BY SARA TABIN
Daily Post Staff Writer
There’s nothing wrong with the air in Los Altos City Hall Council Chambers, according to an air quality test the city ordered. The city has not said when council meetings will be moved back to chambers where they can be broadcast on television.
Council meetings were moved to the Los Altos Youth Center in January after Councilwoman Jeannie Bruins, who will term out next year and can not run again for her seat, began to complain that the air in City Hall was triggering her asthma.
Residents have complained that the youth center lacks the technology to broadcast meetings on cable television.
A 4-1 majority of council voted on June 25 to move the meetings back, but that vote was ignored by City Manager Chris Jordan. Instead he brought in a $40,000 disability consultant to advise the city on the issue.
The consultant ordered the air tests, which took place on Aug. 27 and Sept. 5 at both locations. The results don’t show that the youth center air is cleaner than the air at city hall.
Two records requests
The Post filed a California Public Records Request to obtain the test results. Los Altos has still not responded to that request. But Los Altos resident Roberta Phillips, who also filed a records request on the same day, provided her copy of the test results to the Post.
HazMat Doc, the Santa Clara company that carried out the tests, did not find any dangerous chemicals in either building.
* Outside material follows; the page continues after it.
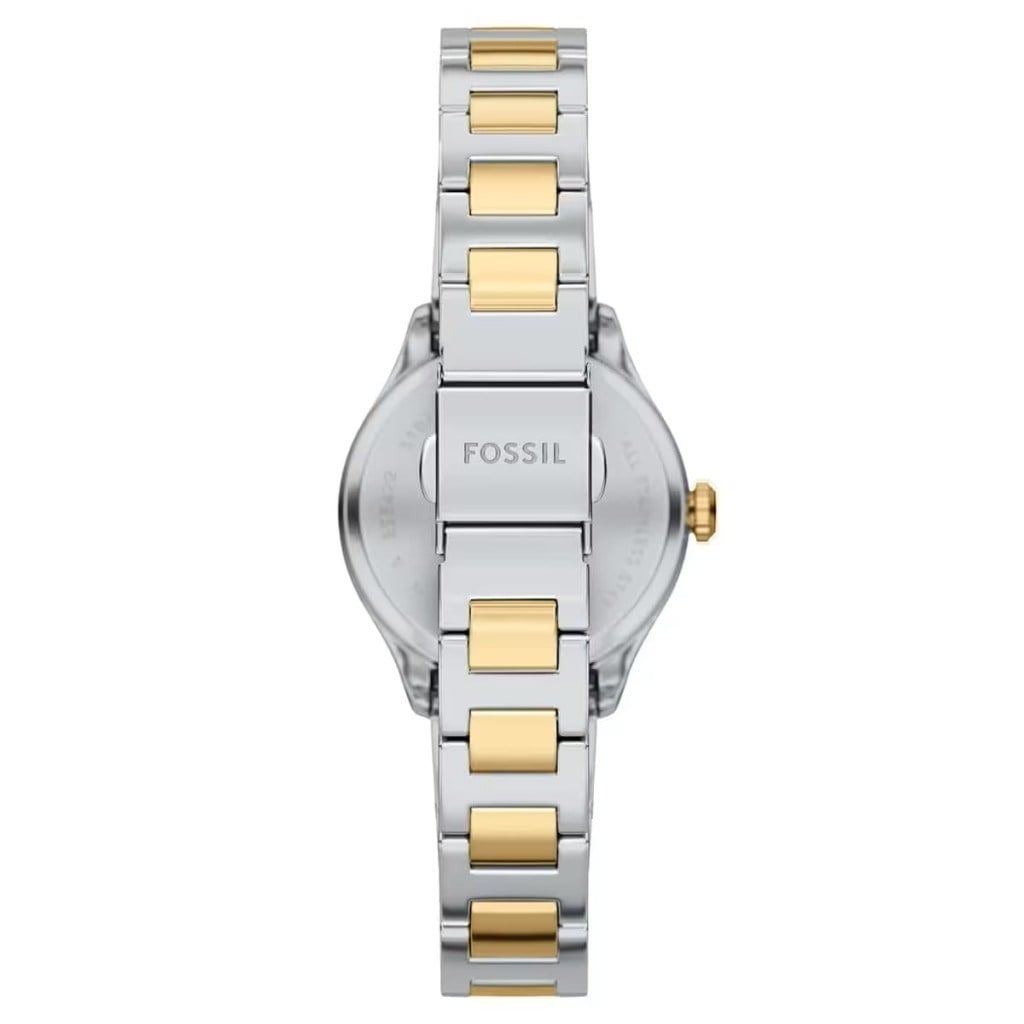 Fossil FES5422 Kadın Kol Saati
Mold was found in 1,100 spores per square meter in council chambers and 2,300 spores per square meter at the youth center. Mold levels of less than 2,000 spores per square meter are normal in clean buildings. Still, HazMat Doc suggested that the city update its air flow at both locations.
New $750,000 HVAC system
City hall has a heating, ventilation, and air conditioning system which the city bought last year for $750,000. HazMat Doc suggested that the city change the filters for the system more regularly and clean out its duct systems. The community center has no air filter, so HazMat Doc said the city might want to look into installing one.
Phillips pointed out that it will likely be easier to control the air quality in city hall because it has the HVAC system.
She said she is waiting to hear from the city about whether they plan to change the filters soon.
The Post was not able to reach Jordan or Assistant City Manager Jon Maginot yesterday, Columbus Day, to ask whether meetings will be moved back to city hall or if the city will change the air filters soon.
Council puts off decision until November
Mayor Lynette Lee Eng said she thinks meetings will stay at the youth center until the council discusses the test results. A majority of council and Jordan agreed that the test results should not be discussed at next week’s meeting, she said.
Instead, the council will wait and discuss the results at the start of November when the consultant will be present.
It was not clear when council made this decision. If they discussed the results in private, that would be a violation of the Brown Act.
Lee Eng said she wants to see the city take better care of its HVAC system for the health of city employees working at city hall as well as council members.
“I think the fixes are there,” she said. “It should be easy, and one would hope that we continue to maintain… a system that we paid so much for.”